• [Try it]:
Before anything else, copy every record below exactly as it stands.

• [Material provided]:
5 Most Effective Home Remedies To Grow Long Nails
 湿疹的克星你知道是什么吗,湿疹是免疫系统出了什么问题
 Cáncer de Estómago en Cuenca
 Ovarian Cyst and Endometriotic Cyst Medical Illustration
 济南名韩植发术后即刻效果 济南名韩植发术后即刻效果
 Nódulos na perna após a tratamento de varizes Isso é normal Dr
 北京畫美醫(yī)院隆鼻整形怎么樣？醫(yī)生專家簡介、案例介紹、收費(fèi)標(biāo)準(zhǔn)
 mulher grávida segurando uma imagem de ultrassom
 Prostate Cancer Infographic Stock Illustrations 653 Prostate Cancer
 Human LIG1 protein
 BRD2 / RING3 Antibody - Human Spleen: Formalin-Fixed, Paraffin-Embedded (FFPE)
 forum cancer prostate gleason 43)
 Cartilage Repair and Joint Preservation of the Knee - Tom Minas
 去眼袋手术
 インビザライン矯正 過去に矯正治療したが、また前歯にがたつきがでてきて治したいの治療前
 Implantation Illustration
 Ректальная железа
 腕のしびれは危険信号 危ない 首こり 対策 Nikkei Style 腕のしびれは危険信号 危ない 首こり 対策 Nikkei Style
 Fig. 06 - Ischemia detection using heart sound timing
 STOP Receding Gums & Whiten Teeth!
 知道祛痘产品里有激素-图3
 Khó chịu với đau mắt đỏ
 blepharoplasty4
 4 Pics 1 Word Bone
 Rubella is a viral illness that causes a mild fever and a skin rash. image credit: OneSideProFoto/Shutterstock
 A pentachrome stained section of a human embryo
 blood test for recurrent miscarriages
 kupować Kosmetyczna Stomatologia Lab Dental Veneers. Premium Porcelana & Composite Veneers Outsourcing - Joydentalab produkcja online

• [Response to this task]:
5 Most Effective Home Remedies To Grow Long Nails
 湿疹的克星你知道是什么吗,湿疹是免疫系统出了什么问题
 Cáncer de Estómago en Cuenca
 Ovarian Cyst and Endometriotic Cyst Medical Illustration
 济南名韩植发术后即刻效果 济南名韩植发术后即刻效果
 Nódulos na perna após a tratamento de varizes Isso é normal Dr
 北京畫美醫(yī)院隆鼻整形怎么樣？醫(yī)生專家簡介、案例介紹、收費(fèi)標(biāo)準(zhǔn)
 mulher grávida segurando uma imagem de ultrassom
 Prostate Cancer Infographic Stock Illustrations 653 Prostate Cancer
 Human LIG1 protein
 BRD2 / RING3 Antibody - Human Spleen: Formalin-Fixed, Paraffin-Embedded (FFPE)
 forum cancer prostate gleason 43)
 Cartilage Repair and Joint Preservation of the Knee - Tom Minas
 去眼袋手术
 インビザライン矯正 過去に矯正治療したが、また前歯にがたつきがでてきて治したいの治療前
 Implantation Illustration
 Ректальная железа
 腕のしびれは危険信号 危ない 首こり 対策 Nikkei Style 腕のしびれは危険信号 危ない 首こり 対策 Nikkei Style
 Fig. 06 - Ischemia detection using heart sound timing
 STOP Receding Gums & Whiten Teeth!
 知道祛痘产品里有激素-图3
 Khó chịu với đau mắt đỏ
 blepharoplasty4
 4 Pics 1 Word Bone
 Rubella is a viral illness that causes a mild fever and a skin rash. image credit: OneSideProFoto/Shutterstock
 A pentachrome stained section of a human embryo
 blood test for recurrent miscarriages
 kupować Kosmetyczna Stomatologia Lab Dental Veneers. Premium Porcelana & Composite Veneers Outsourcing - Joydentalab produkcja online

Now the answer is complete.